ネットゲーム(といいつつも実際はスマホゲームが中心)のデザイン理論に関する覚書その1。
今回はチュートリアル、その中でもゲームのファーストステップでの離脱を抑えるためのデザインについて書いていく。
ファーストステップとは
ファーストステップに関する明確な定義はない、というよりむしろゲームによって異なるというのが実情。基本的にはファーストステップ = チュートリアルと考えて問題ないが、そもそもどこまでをチュートリアルとみなすかはゲームによって異なる。

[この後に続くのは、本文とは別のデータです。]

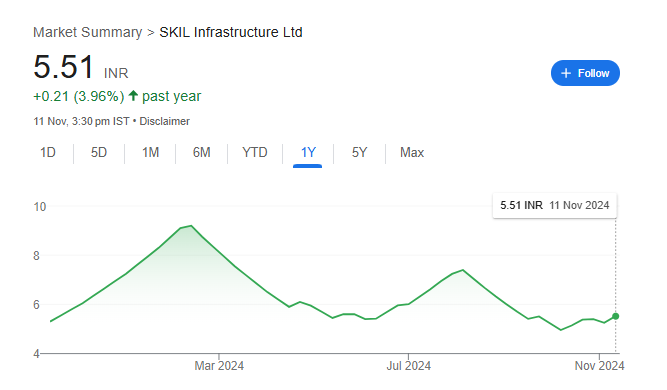 SKIL Infrastructure Share Price Chart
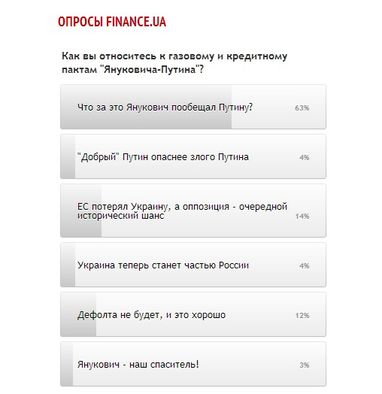 Як читачі FINANCE.UA ставляться до пактів “Януковича-Путіна”?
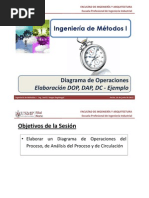 Ingenieria de Metodos DOP, DAP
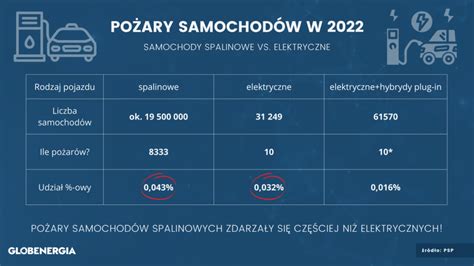 Zestawienie wozideł spalinowych i elektrycznych
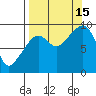 Camp Cove tide chart for Monday, September 15, 2025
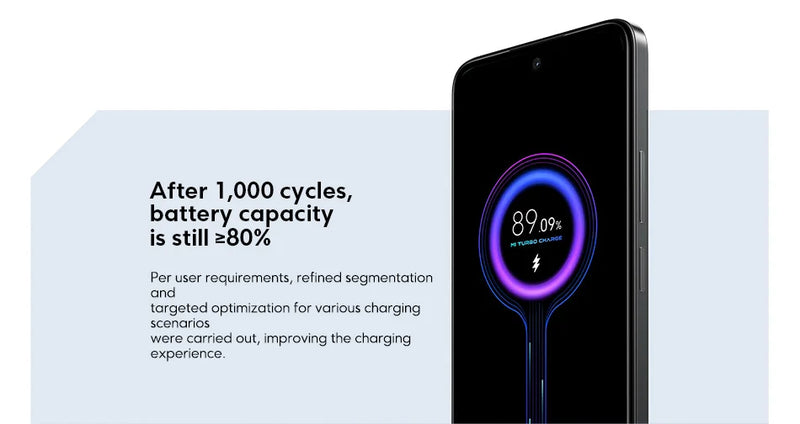 POCO M6 Global Version Smartphone MediaTek Helio G91 Ultra 6.79'' Display 90Hz 33W Fast Charging 5030mAh Battery 108MP NFC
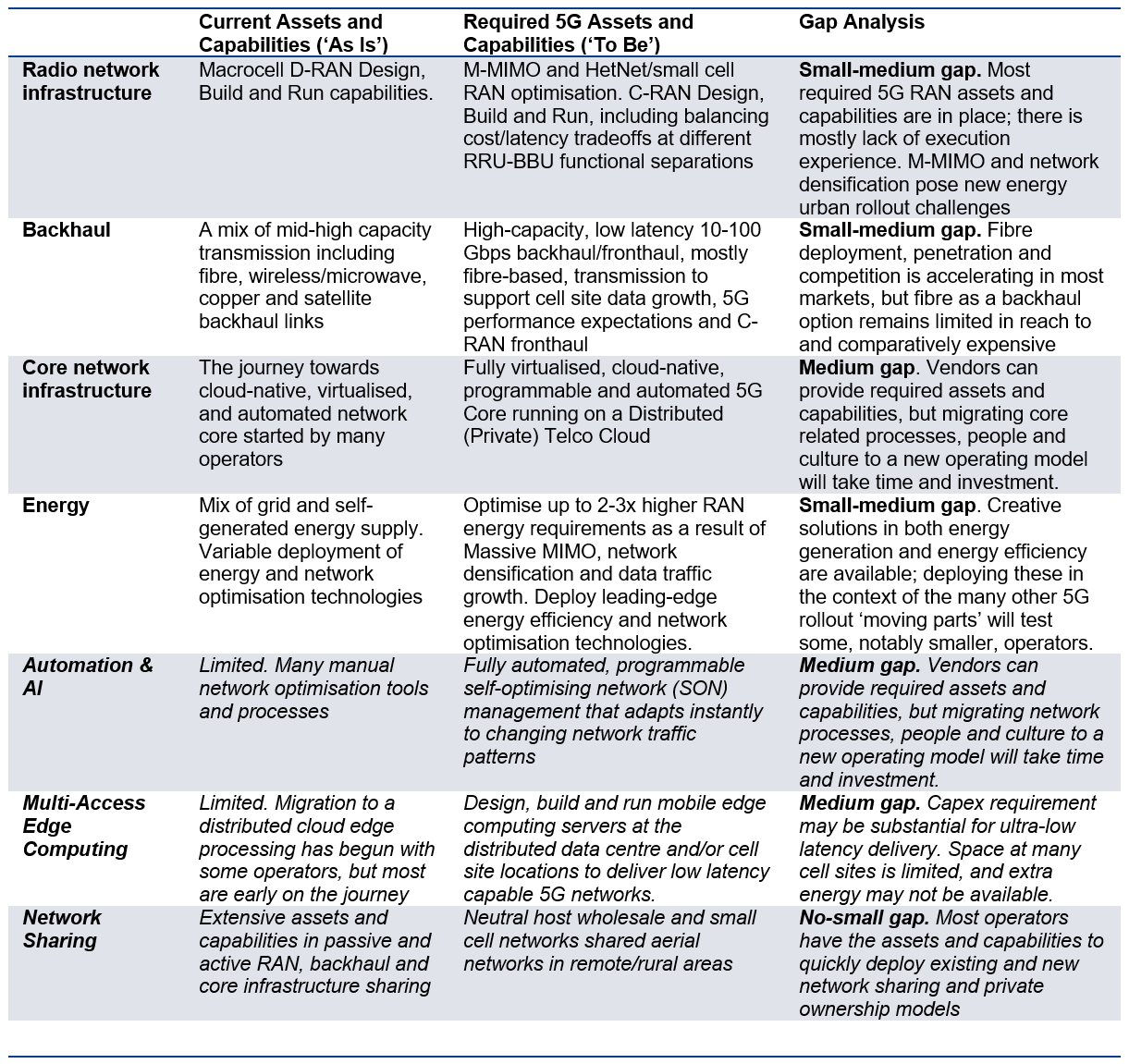 Generic gap analysis of operator 5G-era assets and capabilities (Source: GSMA)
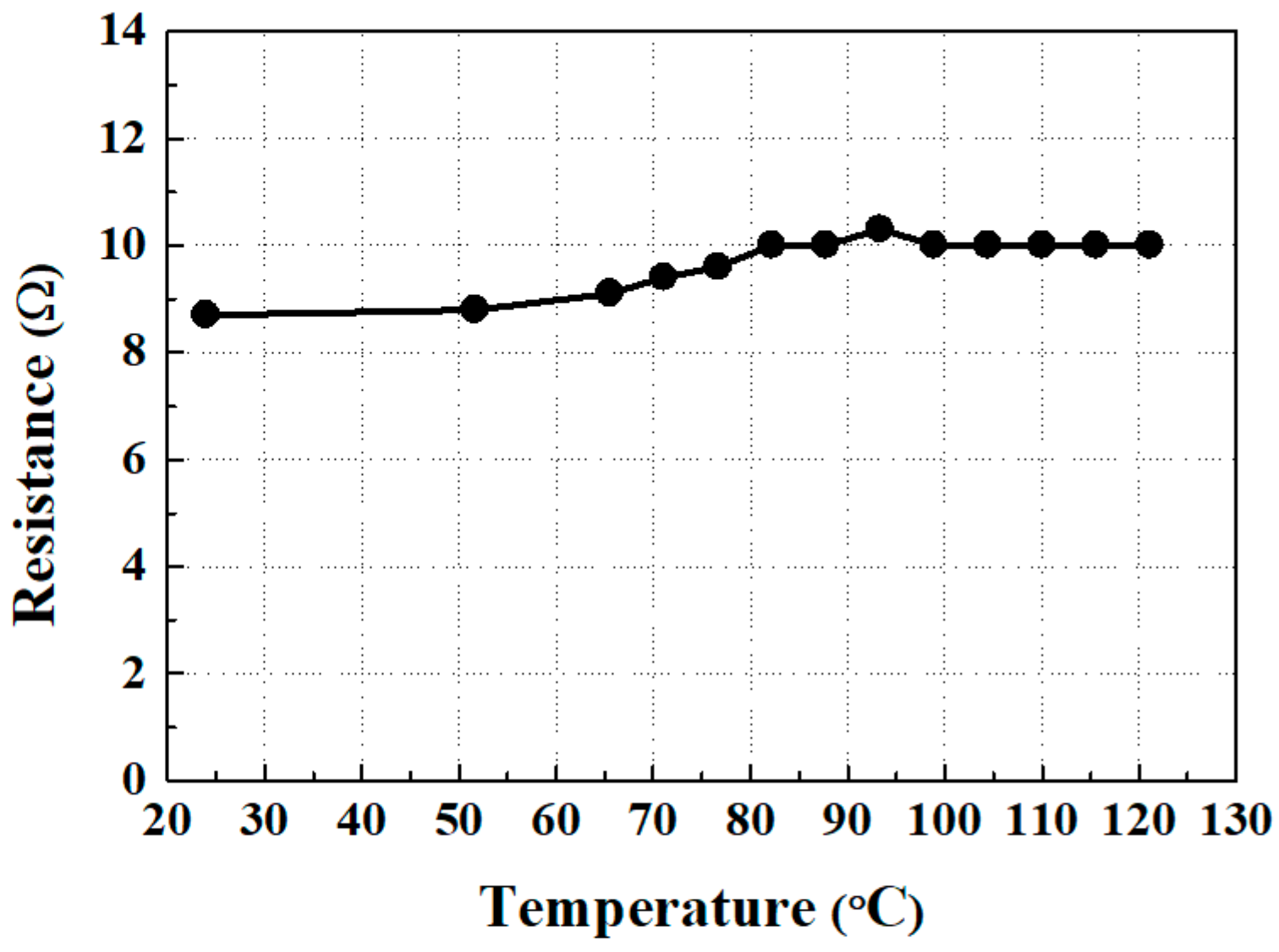 Sensors 18 00193 g004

個人的には初回ゲームを起動し、オープニングムービーや会話イベント、バトルのチュートリアル、ニックネーム入力などを経て、最初にホーム画面に到着するくらいまでをファーストステップとして捉えている。
ファーストステップで重要なポイント
ファーストステップで特に重要になるのは「離脱の防止」。
ゲームをインストールしたユーザーがその面白さを経験する前に離脱するのは大きな機会損失であり、ファーストステップにおける離脱を極力抑えることがゲーム全体の継続率を高める上でまず考慮しなければならないポイント。
個人的な感覚値としては、リセマラやインセンティブ目的のユーザーを除外したNUUを母集団とした際、ファーストステップの突破率が85%程度あればそこそこ良くて、90%あれば十分高い水準かと思う。もちろん、この値はリセマラの定義や NUU/RUU の定義によって変化するため、あくまで参考値的なものでしかないが。
ファーストステップでの離脱を抑える手法
当たり前のことだが、ファーストステップでの離脱を抑えるにあたって「いかにゲームを初めてすぐにユーザーの気持ちをつかむか」が重要。魅力に欠けるムービー、退屈なイベント展開、陳腐なUIなどはすべてユーザーにネガティブな印象を与え、ゲームを継続しようというモチベーションを阻害させる。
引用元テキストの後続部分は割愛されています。